Exercise inputs >>
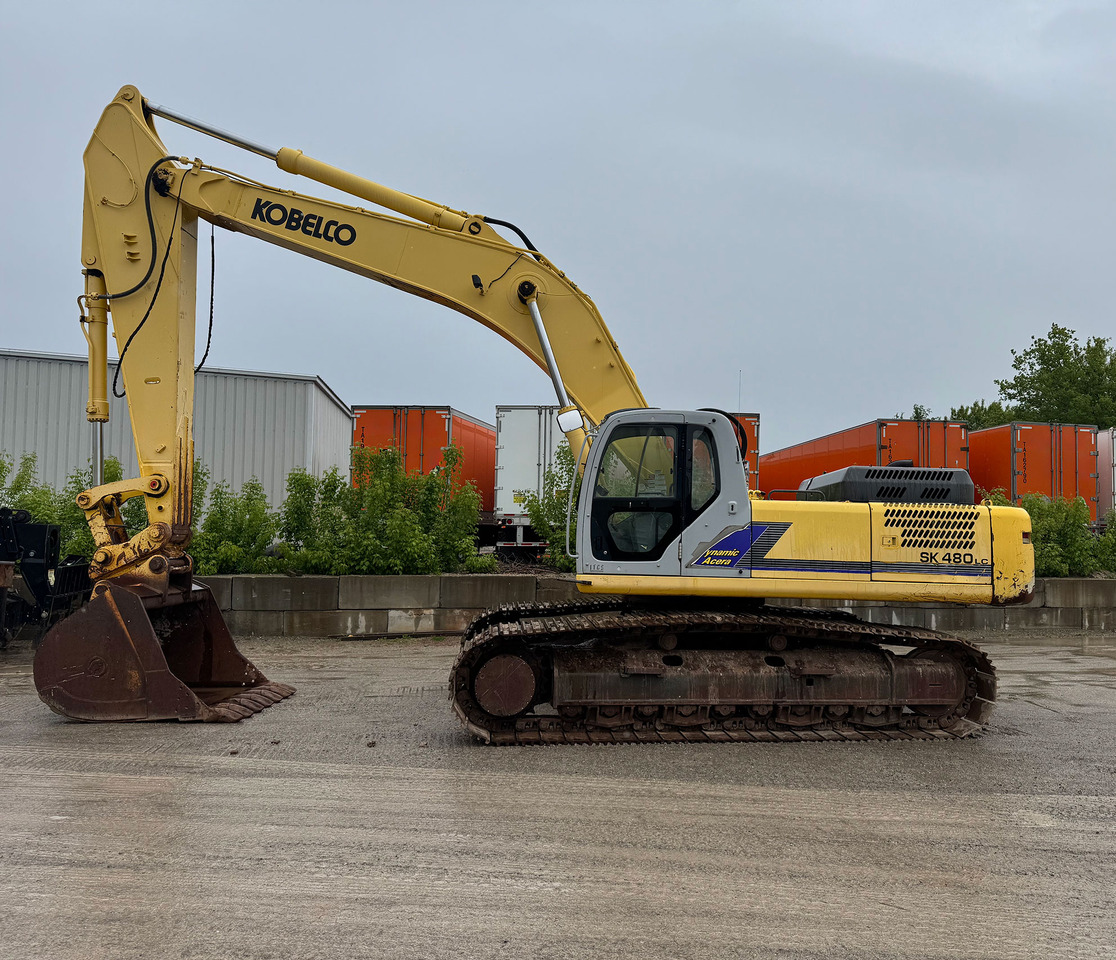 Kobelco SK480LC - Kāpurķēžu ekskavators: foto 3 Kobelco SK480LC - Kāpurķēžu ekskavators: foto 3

---

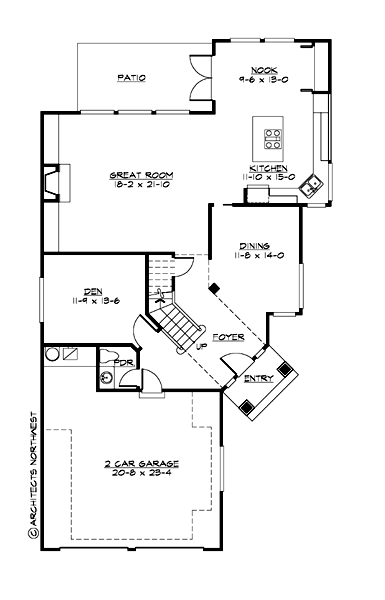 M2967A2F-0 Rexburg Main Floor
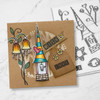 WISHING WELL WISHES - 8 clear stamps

* * *

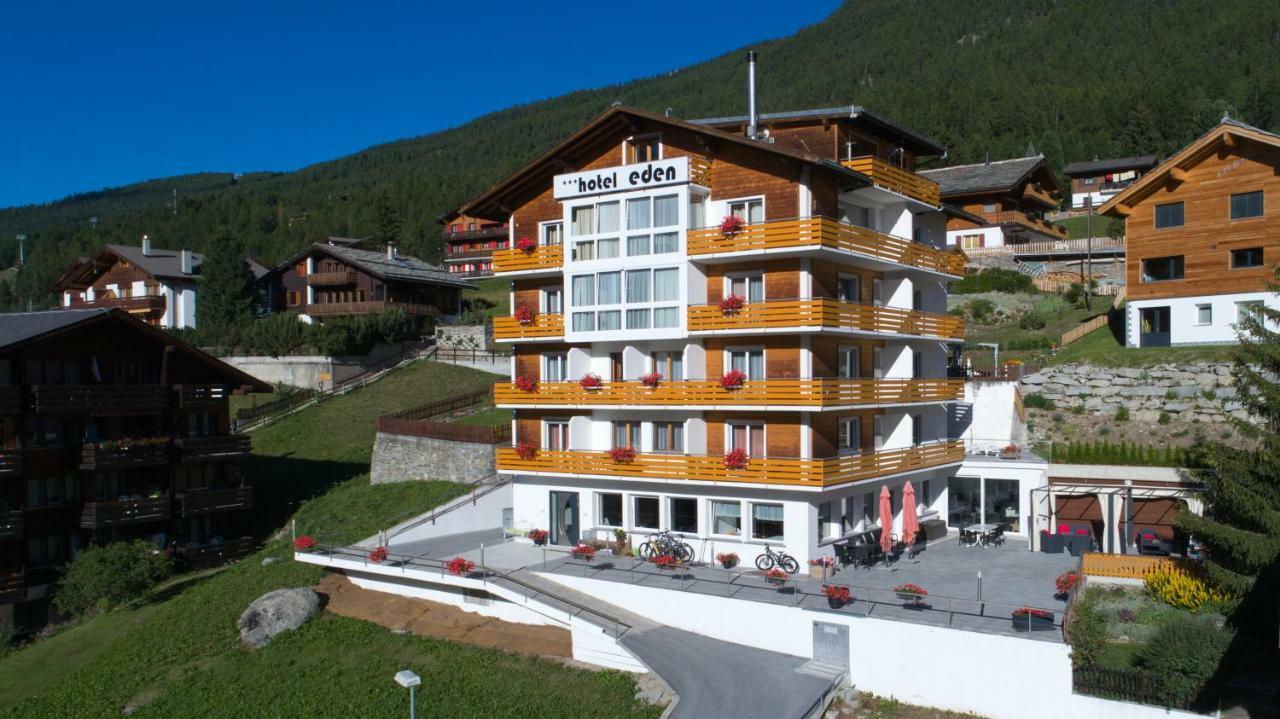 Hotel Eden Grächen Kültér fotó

Task requirements >> Exactly as written above, retype the lines starting at the one holding "M2967A2F-0 Rexburg Main Floor" and ending at the one holding "WISHING WELL WISHES - 8 clear stamps", both included, but not the pictures.

Result of the task >>
 M2967A2F-0 Rexburg Main Floor
 WISHING WELL WISHES - 8 clear stamps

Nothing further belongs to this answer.